## TASK BRIEF:
The answer must consist solely of the lines below starting at the one containing "cala-gonone-cala-luna-and-cala-sisine-boat-tour" and ending at the one containing "Clinique Make-up Bag - Picture 5 of 7", repeated exactly, with both ends included and all pictures omitted.

## ENTRIES PROVIDED:
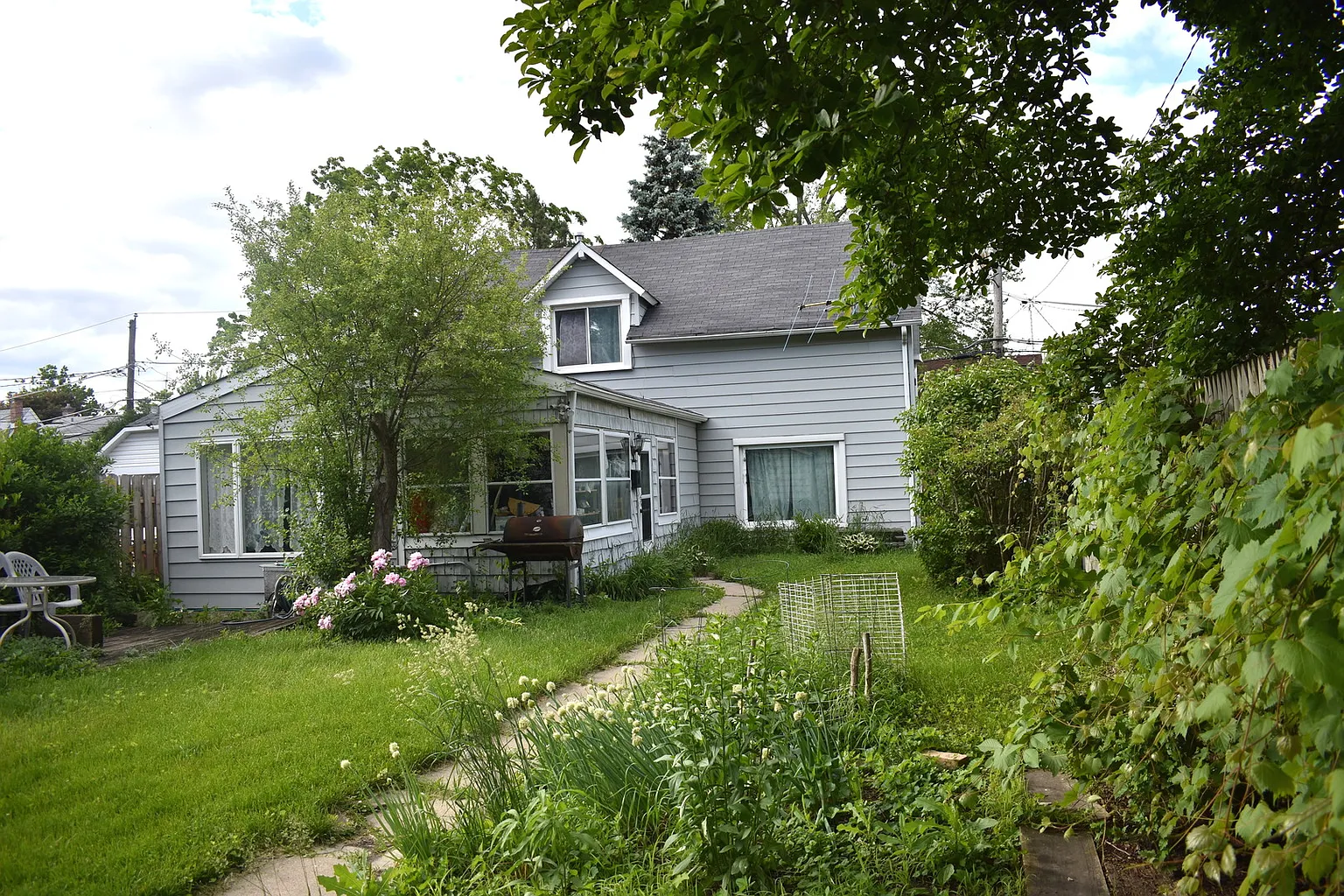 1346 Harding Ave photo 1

--

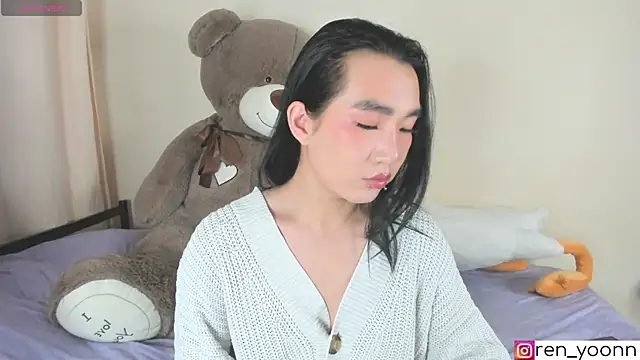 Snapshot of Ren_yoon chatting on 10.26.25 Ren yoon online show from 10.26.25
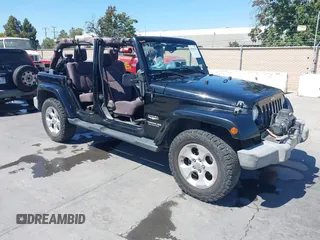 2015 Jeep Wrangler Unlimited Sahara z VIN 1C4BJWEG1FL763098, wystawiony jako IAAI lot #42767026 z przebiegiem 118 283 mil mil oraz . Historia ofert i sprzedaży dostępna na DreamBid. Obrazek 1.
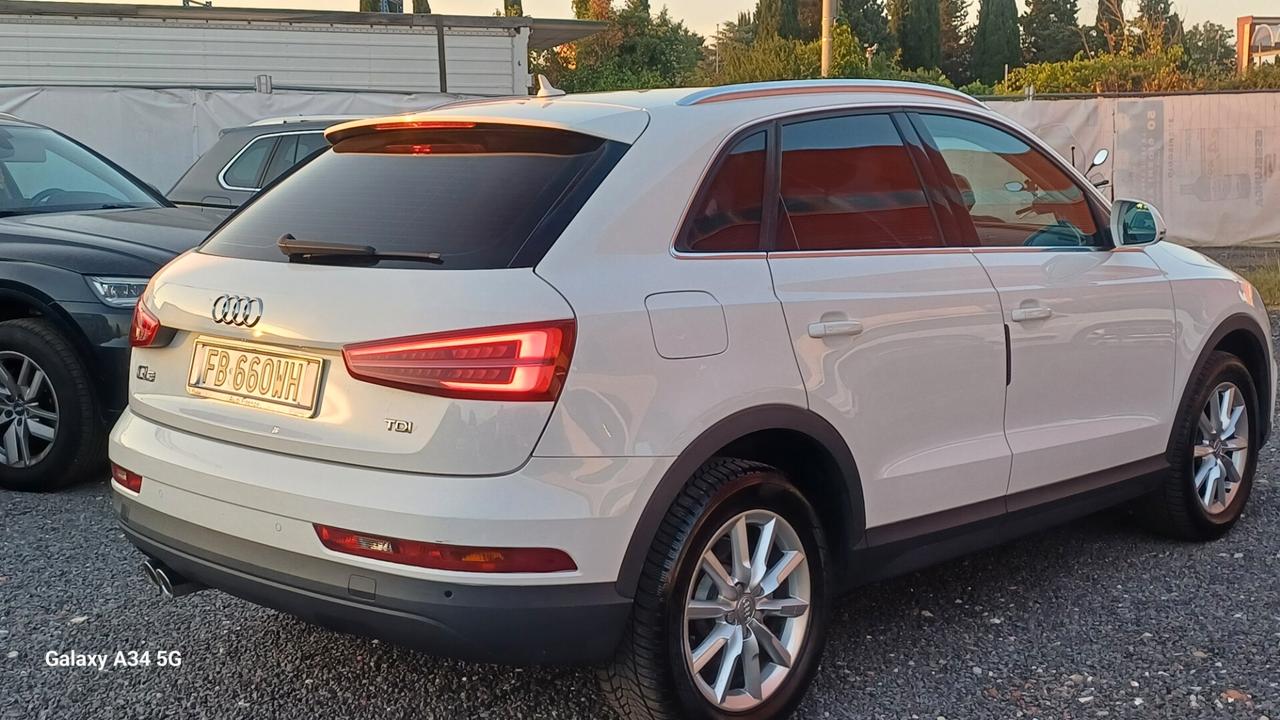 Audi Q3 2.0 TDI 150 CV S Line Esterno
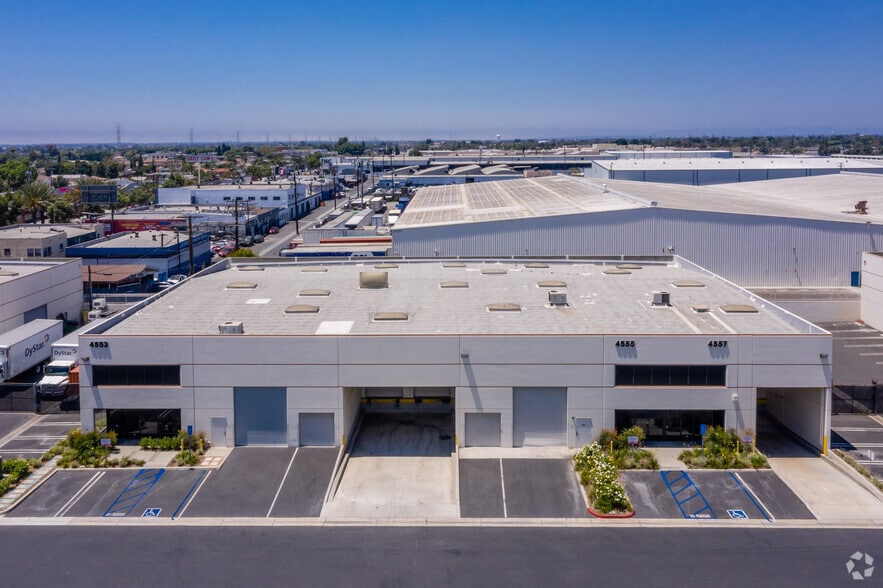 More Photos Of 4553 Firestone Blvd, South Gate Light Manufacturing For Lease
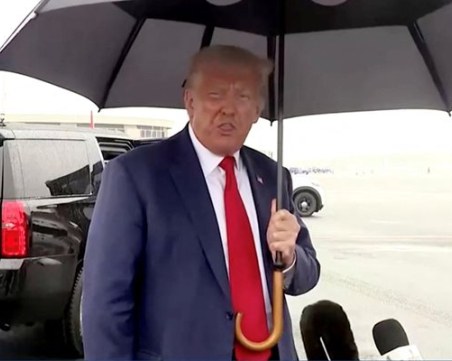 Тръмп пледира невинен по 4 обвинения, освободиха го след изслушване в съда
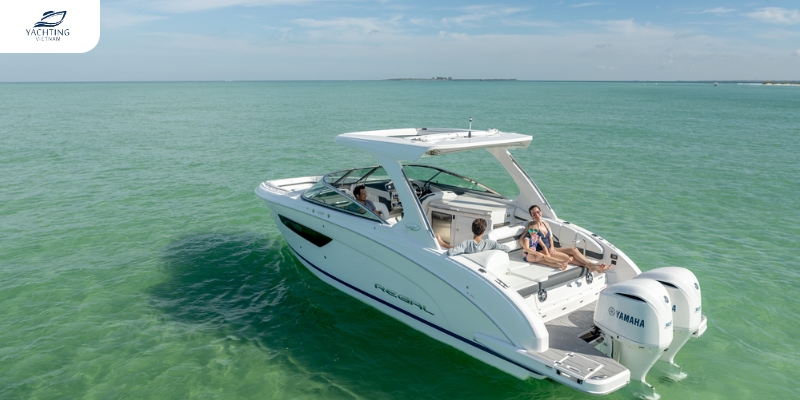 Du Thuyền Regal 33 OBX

* * *

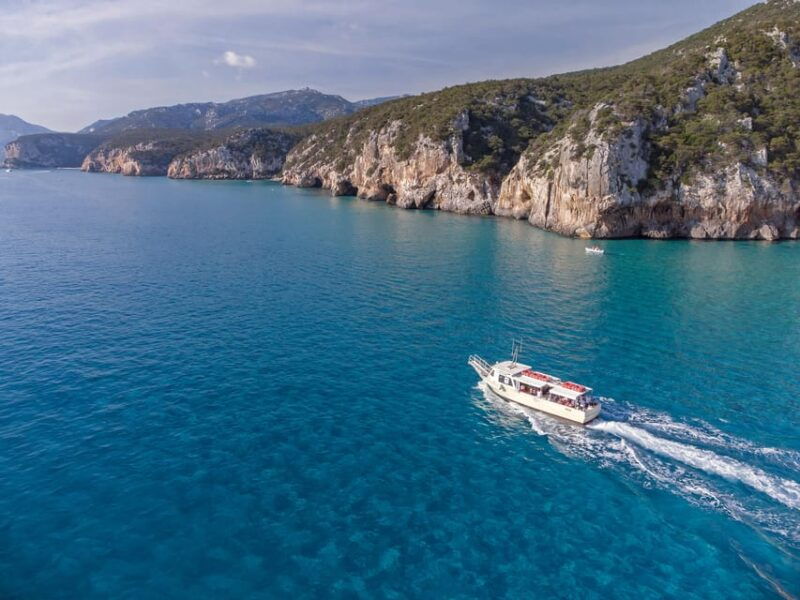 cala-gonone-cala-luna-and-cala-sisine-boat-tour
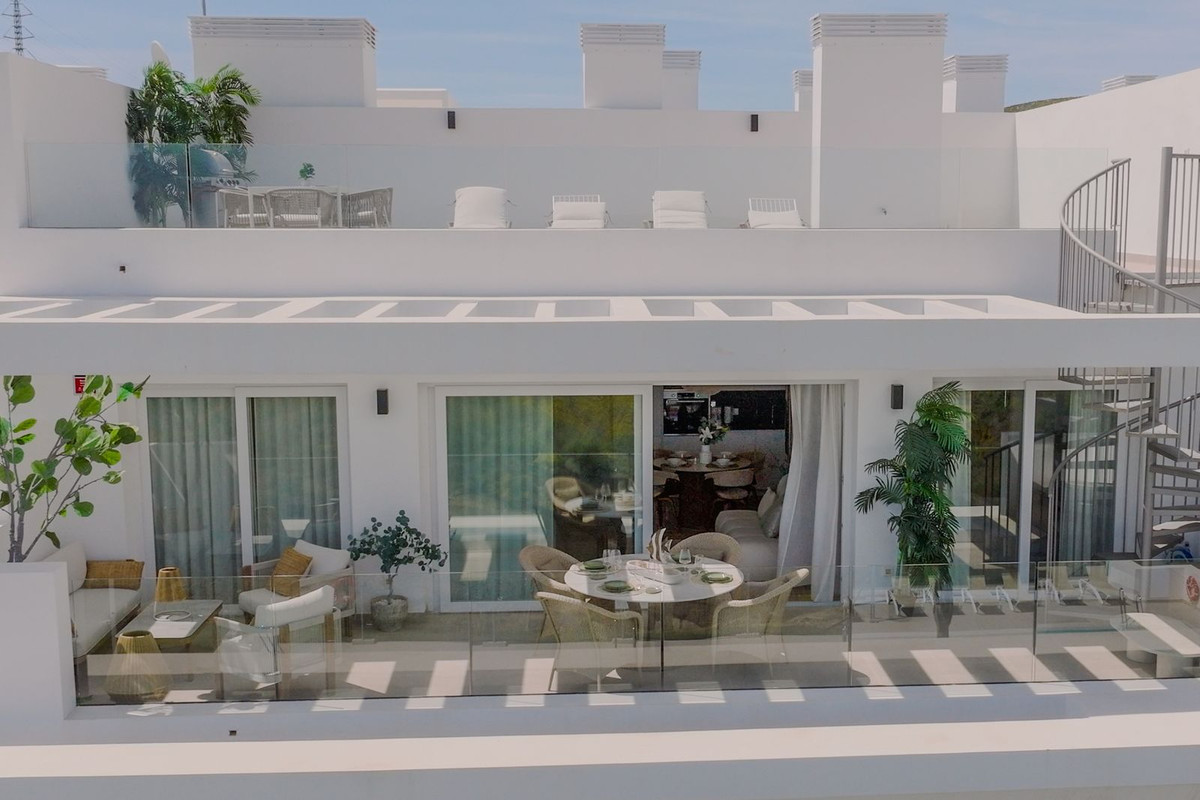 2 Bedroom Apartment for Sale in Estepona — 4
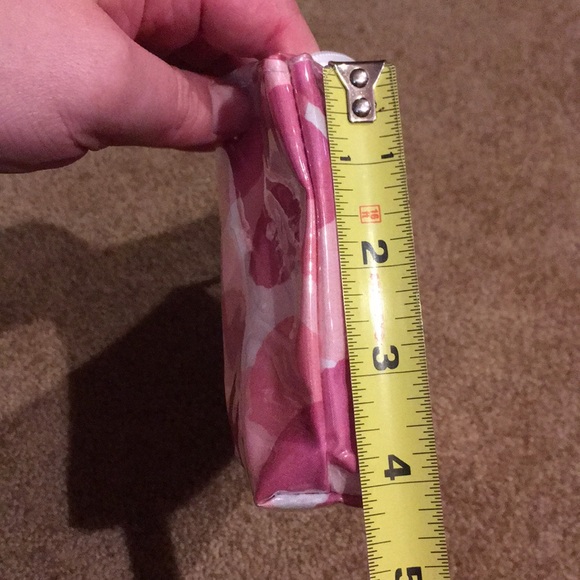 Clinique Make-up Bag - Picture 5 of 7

## ANSWER TO THE PROBLEM:
 cala-gonone-cala-luna-and-cala-sisine-boat-tour
 2 Bedroom Apartment for Sale in Estepona — 4
 Clinique Make-up Bag - Picture 5 of 7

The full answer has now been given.